The Aberdeen driving school began in 1969 and continued until the family left the north-east in 1973. After a brief stay at RAF Biggin Hill, they were posted to RAF Bruggen, Germany
Bruggen to Burghead
For the next two decades Angela and Derek lived and worked in Germany.
When Angela wasn’t heavily involved in the Guiding movement she was once again a driving instructor while studying for her Open University BA arts degree.
In 1993 when they retired the couple returned to Scotland. Daughter Julie married a serviceman from Lossiemouth so they relocated to Firth View in Burghead.
Just eight years into retirement Derek passed away following pancreatic cancer. Angela channelled her sense of loss into the arts. She became a prolific writer of poetry, had three “learning to drive” books published, and was the local – and best researched – correspondent for The Northern Scot.
In 1997 she received a further BSc (hons) from the Open University.
She was also the catalyst for the award-winning Burghead in Bloom entry to the annual Scotland in Bloom competition.
“Mum was up in arms when a Press and Journal staffer referred to her beloved Burghead as a dowdy town,” said Nicholas. “So in 1996 she set about making it a contender for awards.

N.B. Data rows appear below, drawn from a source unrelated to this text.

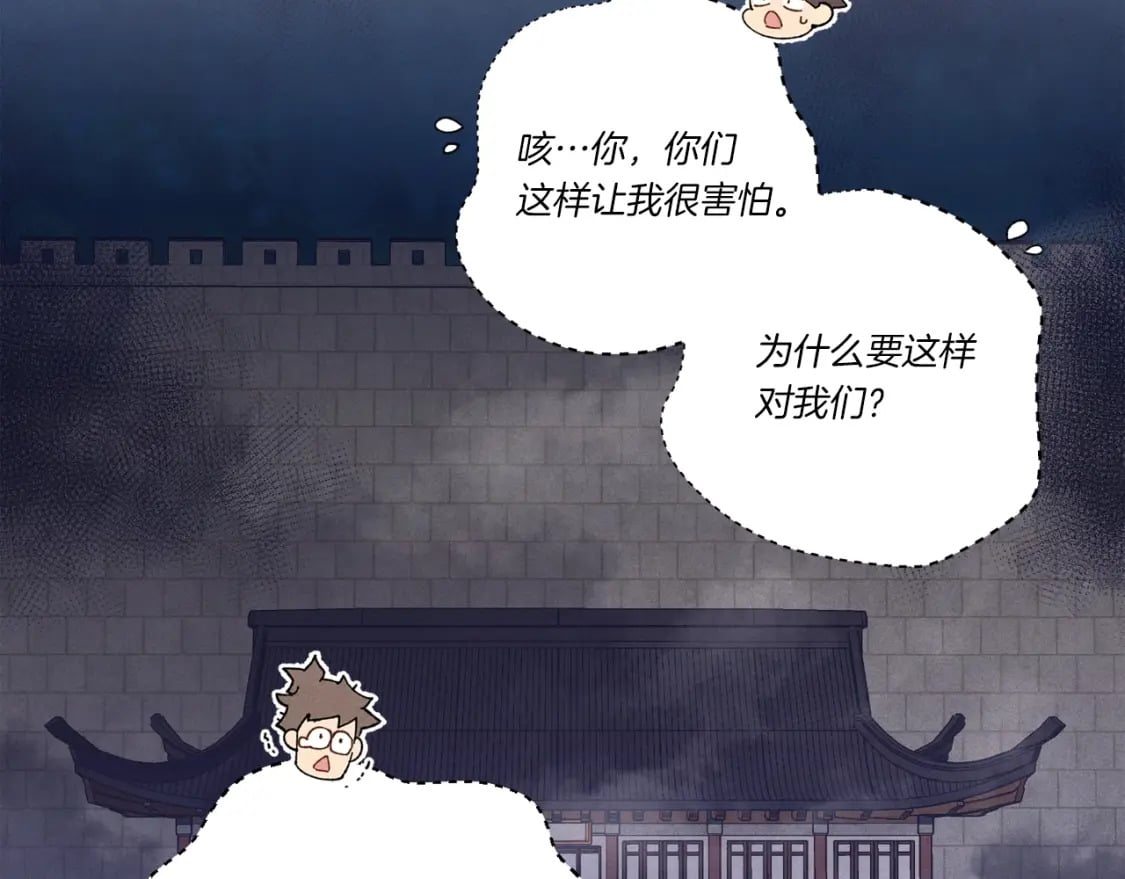 第109话 我的事情开始145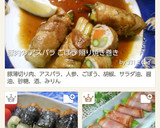 豚肉の アスパラ ごぼう 照り焼き巻き作り方12写真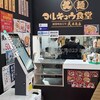 サンマーメン(23/12)@南部亭/中華 マルキュー麺食堂.横浜市金沢区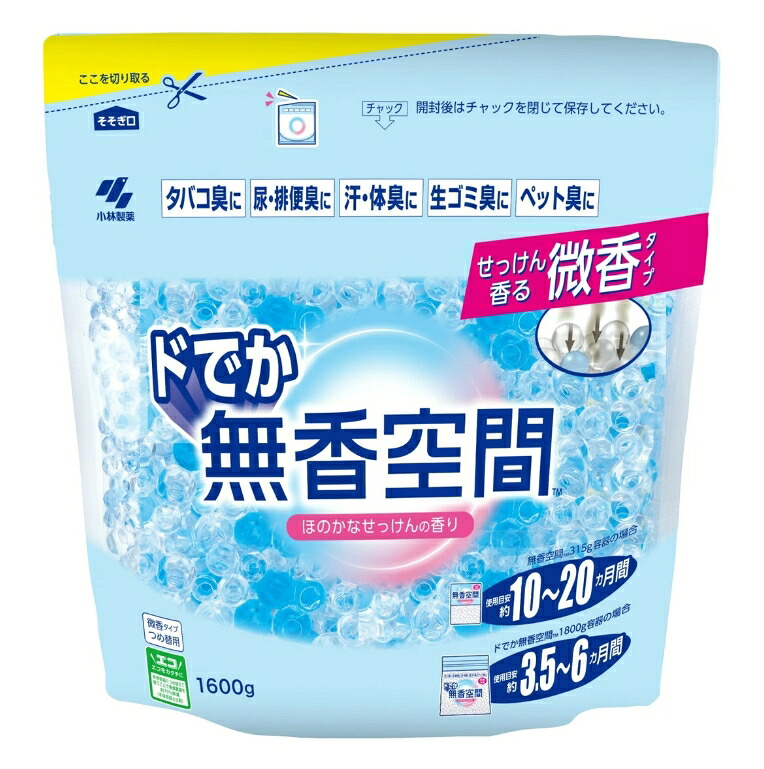 6～10個セット まとめ買い 小林製薬 ドでか 無香空間 ほのかなせっけんの香り つめ替え 1600g 消臭 芳香剤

She created an annual floral market and organised the planting of oak trees. It gave her a lot of satisfaction years later to see flowers all over Burghead.”
Angela volunteered for numerous organisations. A regular at Dr Gray’s, Meals on Wheels and helping the armed forces charity SSAFA, one of her favourite organisations was Burghead Heritage Group where she was secretary and a speaker.Union
For Angela, retirement was something to be enjoyed. She travelled as much as she could visiting the Amazon, touring on the Orient Express and visiting family across the globe. She carried on her and Derek’s love of caravanning into her 80s.
For her 90th birthday she danced at a family party, then went back to her roots inviting family and friends to a Devonshire cream tea. A picture of health and always impeccably turned out, she had beaten cancer twice and survived a heart by-pass.
“Everyone said she was indestructible,” Nicholas said. “More recently, however, she contracted an infection from which she couldn’t recover.
“Under the care of district nurses she was able to come home and on September 1 she peacefully passed away surrounded by loved ones, in front of her favourite view of the Moray Firth.”
An inspiration to many
“To the very end, and for all of her life, my mother was an inspiration. She was a feminist in a male-centric world long before the term was widely used. She made people feel good about themselves. Everyone who knew her will miss her,” added Nicholas.
Angela is survived by her three children, their spouses, and seven grandchildren.